Physics 221
Pre-lab assignment: Write the names, title, objective, relevant equations, and the beginning of
the equipment sections. You will be writing the procedure as you perform the lab, as well as
updating the equipment list and taking data. Your notebook will be checked off during lab, and
the photocopy of the pages is due on Thursday, February 4.
Your full name
Your partners’ names
Lab 4: Finding the tension force of a cart on a ramp
Objectives:
• Calibrating a digital force sensor
• Measuring the force exerted by a stationary cart on a ramp at five different angles
• Comparing the measured value of the force to the theoretical value of the force
Introduction and relevant equations:
Newton’s second law states that the force is proportional to both the mass of the object the force
is impressed upon and the consequent acceleration of the object.
(Draw a free-body diagram showing all of the forces acting on the cart. Label all of the forces
with the appropriate vector).
(Further, set up an appropriate coordinate axes to analyze the net force acting on this cart, and
then write the two equations that show the forces acting in the x and y directions).
Equipment:
• collision cart with force sensor attachment
• Vernier Dual Range Force Sensor
(Complete the list of equipment, using brand or manufacturer names where appropriate)
(Photograph or sketch of the setup. Label the various parts of the apparatus.)
Procedure:
Calibrating the force sensor
(Write the steps you used to calibrate the force sensor. Note that you should have the force sensor
setting on “10 N”. Consider how you would show that a force of 9.81 N was acting on the
sensor?)
Measuring the force exerted by the cart
(Examine the photographs below and mimic the setup; note that some of the equipment you will
use is different. Write the steps you used to measure the force exerted by the cart at five different
ramp angles. The last run should be at a 90° inclination. The force sensor setting should still be on
“10 N”. One big hint: instead of our usual rule about “1 in the last digit”, use the “play” function
on the datalogger to record 10 force measurements over a few seconds, then calculate the mean
and standard deviation (which is a better measure of uncertainty anyway).)

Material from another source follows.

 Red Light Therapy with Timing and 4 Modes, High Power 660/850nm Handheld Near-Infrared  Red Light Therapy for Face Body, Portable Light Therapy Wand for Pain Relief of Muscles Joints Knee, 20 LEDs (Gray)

Data and preliminary analysis:
(What masses must be weighed and recorded?) (What is the uncertainty in the mass?)
(Set up a data table like the one below)
Run
number
Angle of
incline (°)
1
2
3
4
5
90°
Measured force on cart by
string (N)
Mean
Std. dev.
Theoretical
force on cart by
string and its
uncertainty (N)
Percent error
Reality check: How many significant figures should each column have, including the mean and
standard deviations?
Analysis and results:
Calculate the force that should be exerted by the string on the cart (the theoretical force), using
the free body diagram set up in the “Relevant equations” section. Fill in the appropriate column
on the previous table.
Show one of these calculations in this section of the notebook. Clearly state the value of g you are
using.
Assume the value of g has an uncertainty of “1” in its last digit, then calculate the uncertainty in
the theoretical value of the force. Show the setup of this calculation for one of the rows.

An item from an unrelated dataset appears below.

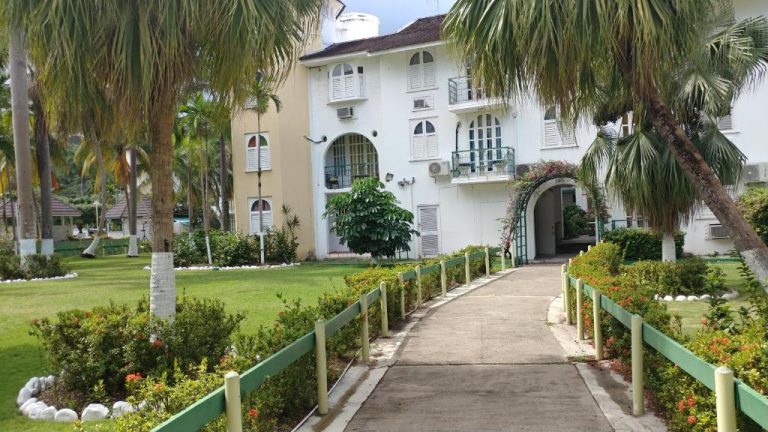 Jardín tropical con palmeras y camino de acceso principal al hotel SandCastles Holiday C9 en Jamaica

Calculate the percent error between your mean measured force and the theoretical force. Show
one of these calculations clearly.
Discussion
1. Why did the string that connects the cart and the top of the ramp need to be parallel to the ramp
surface? In other words, what free-body diagram-related assumption was satisfied by making the
string and the ramp surface parallel?
2. Why were “10 force measurements over a few seconds” taken for each run? Hint: there are two
reasons.
Conclusion
3. Suppose someone claims that we did not take into account ramp friction, and thus friction is the
most significant source of error in this experiment. How do the results of your final run support or
contradict this claim?
4. Were the “theory” predictions of force consistent with the measured force? How can you tell?